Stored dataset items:

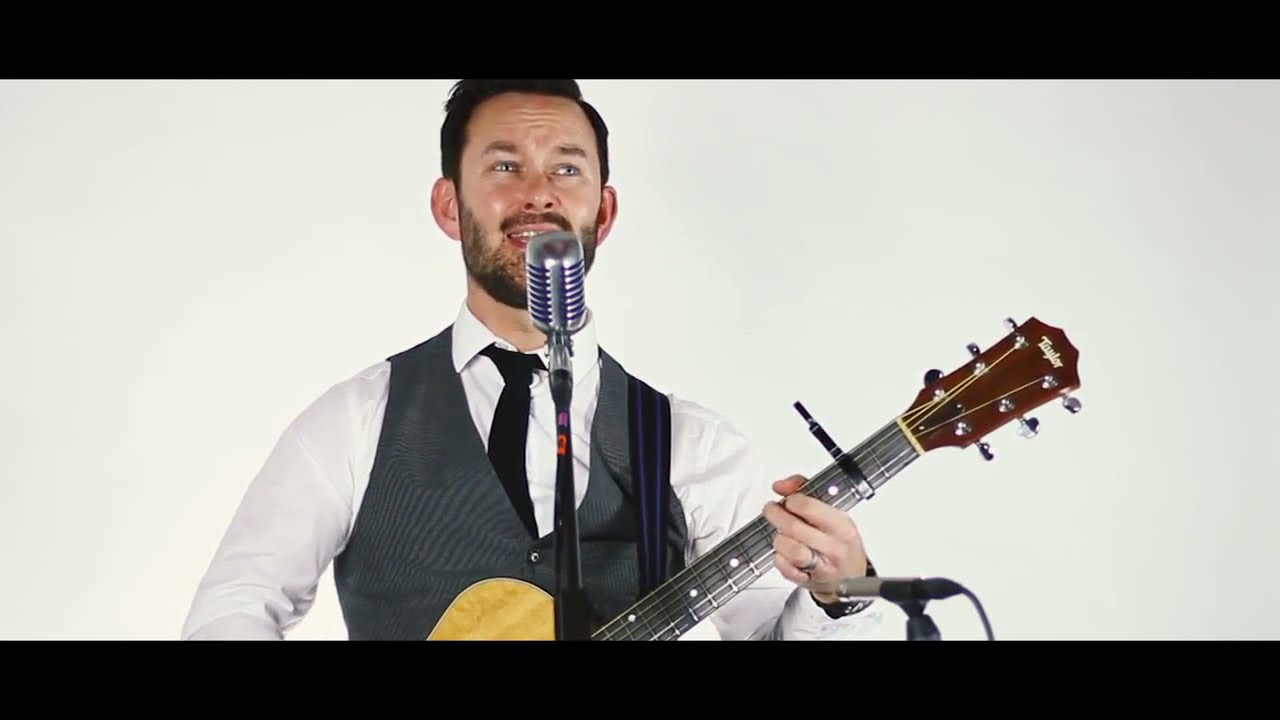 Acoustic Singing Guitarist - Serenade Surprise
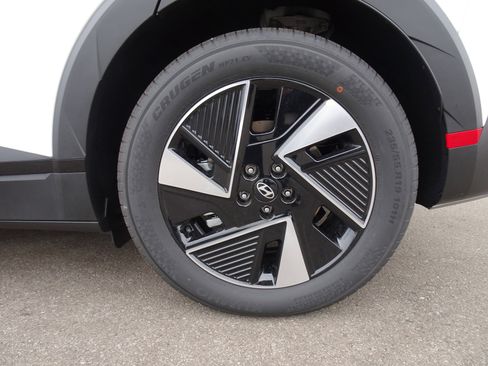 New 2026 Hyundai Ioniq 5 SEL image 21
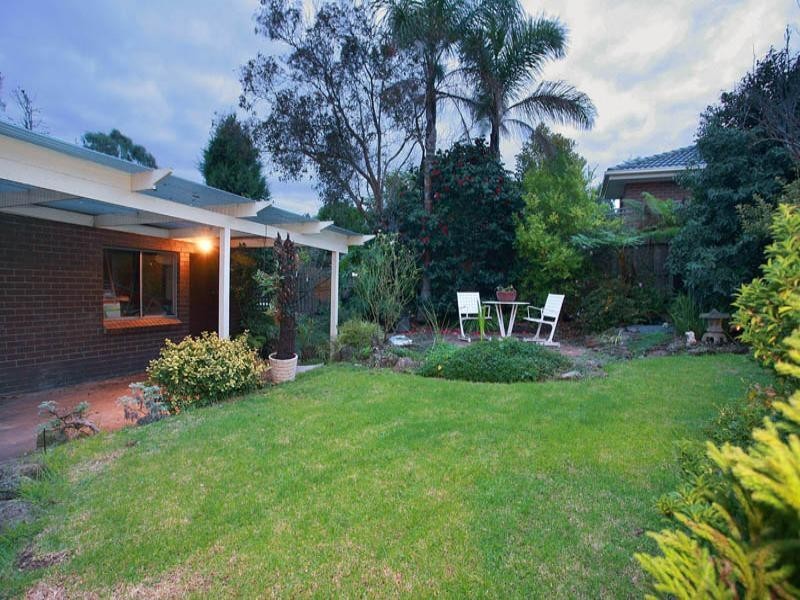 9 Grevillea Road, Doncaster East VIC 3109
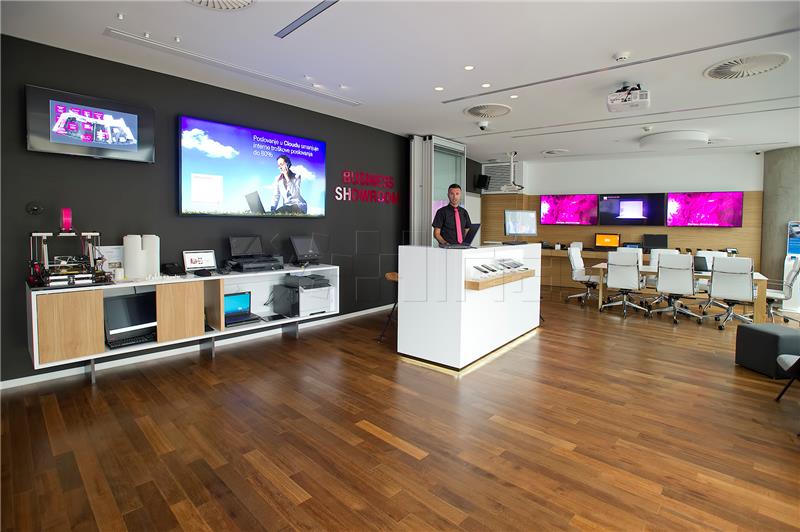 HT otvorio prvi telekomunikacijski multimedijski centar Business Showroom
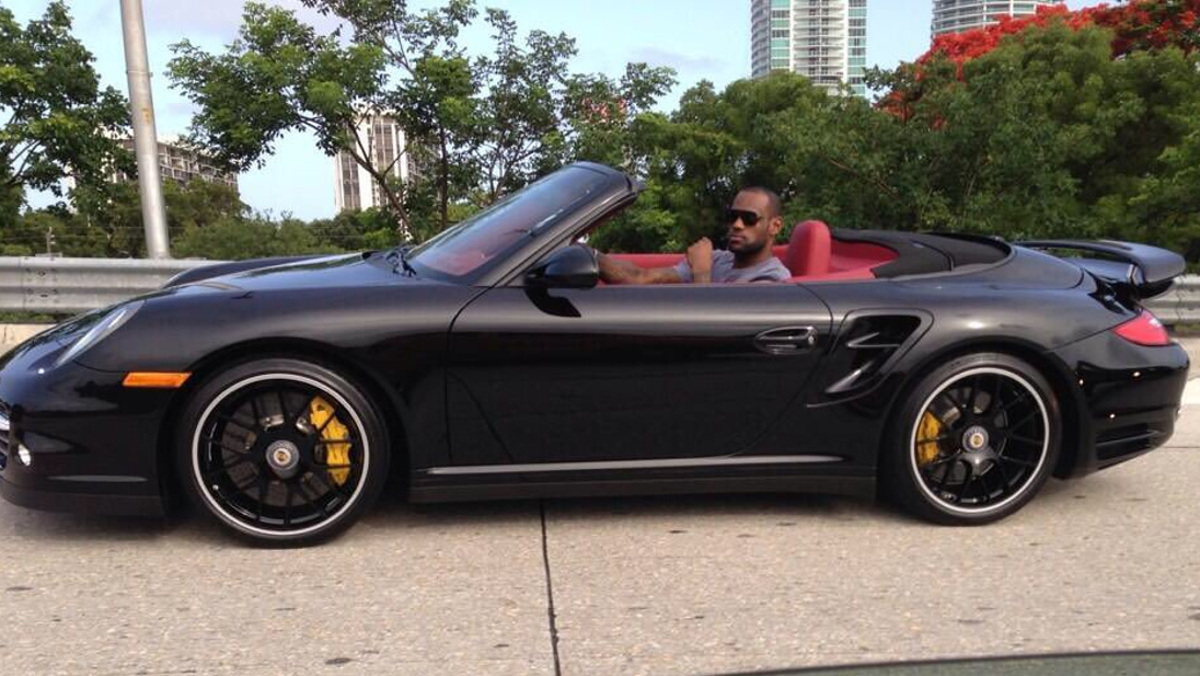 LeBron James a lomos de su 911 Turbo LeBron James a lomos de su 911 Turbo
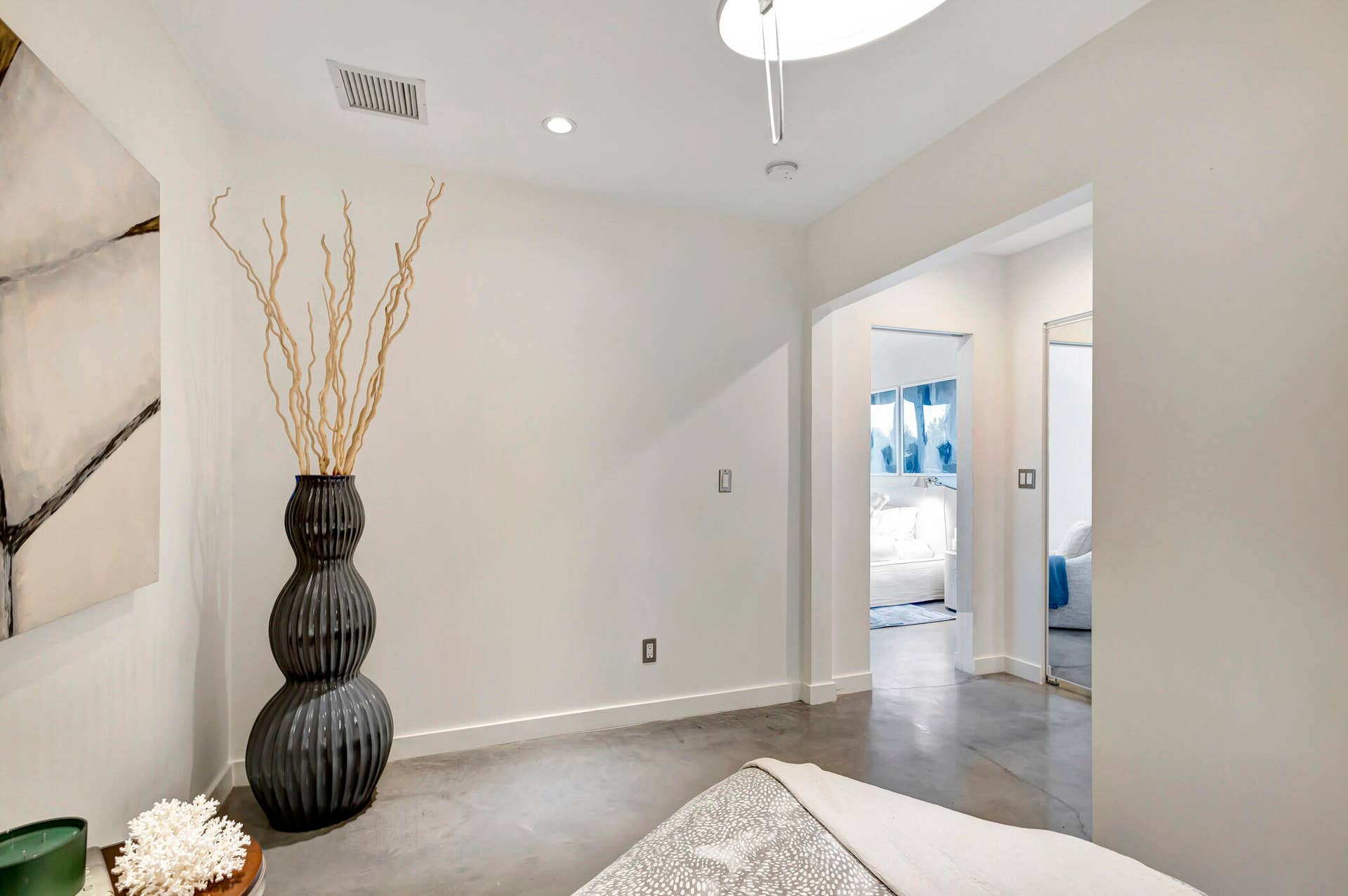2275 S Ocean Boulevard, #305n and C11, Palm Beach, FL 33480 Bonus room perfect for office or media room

WHAT YOU WILL DO: Copy out the entries exactly. No pictures.

THE ANSWER:
 Acoustic Singing Guitarist - Serenade Surprise
 New 2026 Hyundai Ioniq 5 SEL image 21
 9 Grevillea Road, Doncaster East VIC 3109
 HT otvorio prvi telekomunikacijski multimedijski centar Business Showroom
 LeBron James a lomos de su 911 Turbo LeBron James a lomos de su 911 Turbo
2275 S Ocean Boulevard, #305n and C11, Palm Beach, FL 33480 Bonus room perfect for office or media room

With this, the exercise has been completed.